It also comes on the heels of a deadly attack by supporters of President Donald Trump on the U.S. Capitol last Wednesday that sent lawmakers scrambling to secure locations and police clamoring to protect them. Five people, including a Capitol Police officer, died.
Some experts and historians said the legislative push is more about symbolism and would do little to address systemic problems plaguing communities of color.
“It’s symbolically notable for Black people, but in the larger scheme of things, this isn’t going to put food on people’s table, it’s not going to increase people’s pay,” said Michael Fauntroy, a political scientist at Howard University in Washington.
Fauntroy said he worries some people, particularly African Americans, can overstate the importance of symbolic victories and substitute them for more structural changes. “I don’t want that to happen here,’’ he said.
Clyburn said the effort is far more than symbolic, saying he aims to add weight to it as a national hymn. “It’s a very popular song that is steeped in the history of the country,” he said.
Song comes out of history of pain
"Lift Every Voice and Sing" was written as a poem by James Weldon Johnson, an NAACP leader, in 1899 and put to music by his brother, John Rosamond Johnson.
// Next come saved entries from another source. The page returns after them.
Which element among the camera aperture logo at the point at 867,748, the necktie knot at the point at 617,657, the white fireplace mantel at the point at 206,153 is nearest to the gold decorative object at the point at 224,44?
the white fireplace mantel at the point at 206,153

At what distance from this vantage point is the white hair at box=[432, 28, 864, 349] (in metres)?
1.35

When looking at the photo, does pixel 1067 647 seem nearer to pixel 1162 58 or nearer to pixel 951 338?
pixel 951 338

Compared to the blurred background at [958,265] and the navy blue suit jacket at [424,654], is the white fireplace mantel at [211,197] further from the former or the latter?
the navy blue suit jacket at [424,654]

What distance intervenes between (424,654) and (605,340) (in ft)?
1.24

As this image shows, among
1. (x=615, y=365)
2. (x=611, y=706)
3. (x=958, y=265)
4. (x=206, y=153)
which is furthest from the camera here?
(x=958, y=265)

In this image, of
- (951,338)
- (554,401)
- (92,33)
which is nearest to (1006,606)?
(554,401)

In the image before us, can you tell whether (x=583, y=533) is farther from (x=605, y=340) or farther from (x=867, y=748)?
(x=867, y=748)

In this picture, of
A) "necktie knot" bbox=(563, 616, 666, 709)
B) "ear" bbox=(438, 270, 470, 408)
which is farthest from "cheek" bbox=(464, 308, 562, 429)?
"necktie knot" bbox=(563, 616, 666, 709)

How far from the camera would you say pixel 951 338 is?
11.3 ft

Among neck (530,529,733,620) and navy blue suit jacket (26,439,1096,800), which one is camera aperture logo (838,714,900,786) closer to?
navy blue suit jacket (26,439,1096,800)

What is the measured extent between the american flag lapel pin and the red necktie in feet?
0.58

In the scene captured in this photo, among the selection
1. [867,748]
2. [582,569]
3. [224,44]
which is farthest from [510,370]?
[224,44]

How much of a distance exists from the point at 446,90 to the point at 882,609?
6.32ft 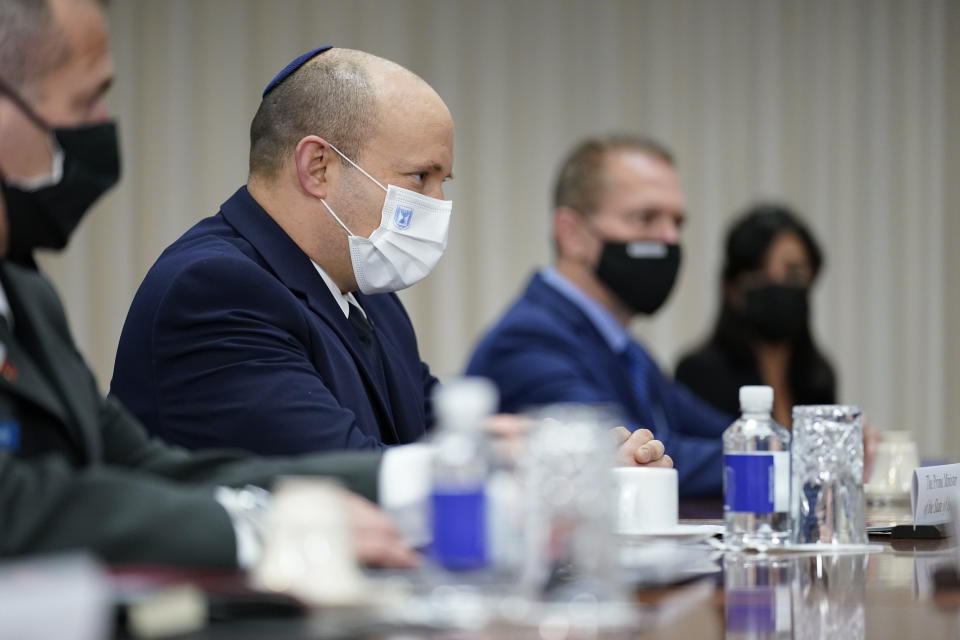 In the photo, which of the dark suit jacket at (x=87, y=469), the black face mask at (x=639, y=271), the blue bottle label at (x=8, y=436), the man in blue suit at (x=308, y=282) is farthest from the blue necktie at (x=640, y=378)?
the blue bottle label at (x=8, y=436)

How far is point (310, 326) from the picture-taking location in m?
2.12

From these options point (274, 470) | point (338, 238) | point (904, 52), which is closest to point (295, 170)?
point (338, 238)

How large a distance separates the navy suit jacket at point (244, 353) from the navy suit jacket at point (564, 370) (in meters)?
1.02

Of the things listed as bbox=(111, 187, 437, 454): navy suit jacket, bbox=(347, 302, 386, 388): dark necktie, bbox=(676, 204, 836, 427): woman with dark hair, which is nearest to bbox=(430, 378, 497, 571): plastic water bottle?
bbox=(111, 187, 437, 454): navy suit jacket

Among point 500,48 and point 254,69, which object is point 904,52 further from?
point 254,69

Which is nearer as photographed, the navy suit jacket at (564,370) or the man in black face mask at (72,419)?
the man in black face mask at (72,419)

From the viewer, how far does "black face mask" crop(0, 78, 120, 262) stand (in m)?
1.38

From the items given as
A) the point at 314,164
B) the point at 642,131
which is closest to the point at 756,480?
the point at 314,164

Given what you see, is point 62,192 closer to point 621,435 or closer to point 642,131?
point 621,435

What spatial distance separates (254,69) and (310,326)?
325 cm

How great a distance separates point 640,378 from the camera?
11.3 ft

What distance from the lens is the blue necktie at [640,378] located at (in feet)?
11.0

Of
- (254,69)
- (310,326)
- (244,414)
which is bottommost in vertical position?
(244,414)

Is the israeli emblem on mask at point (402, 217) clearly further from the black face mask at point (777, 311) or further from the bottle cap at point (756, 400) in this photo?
the black face mask at point (777, 311)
It was first performed in public by school children in 1900 at a birthday celebration honoring President Abraham Lincoln, according to the NAACP.
The NAACP adopted it as its official song.
Clyburn said, “I've always been skiittish” about its early label as the “Negro national anthem.”
“We should have one national anthem, irrespective of whether you’re Black or white,” he said. “So to give due honor and respect to the song, we ought to name it the national hymn.”
The song was written during another tumultuous period for African Americans, said Howard Robinson, an archivist at Alabama State University and a member of the steering committee for ASU’s National Center for the Study of Civil Rights and African-American Culture.
Black Americans were being lynched. Jim Crow laws were entrenched.
“The song does not romanticize America's past,” Robinson said, referring to lyrics such as “full of the faith that the dark past has taught us.”
Robinson also noted optimism in lyrics such as “the hope that the present has brought us.”
“This song speaks to the people who suffered through the chastening rod,” he said. “I think that the song is a different look at America, is a more critical look at America while at the same time being optimistic about our present and future.”
‘No better time than now’
Making the song a national hymn for all Americans is one way to acknowledge the plight of African Americans and the systemic racism they face, advocates said.
“There’s no better time than now,” said Robinson, noting how Black Lives Matter protests over racial injustice and inequities resonated last summer in America and around the world. The song was sung at some of those protests.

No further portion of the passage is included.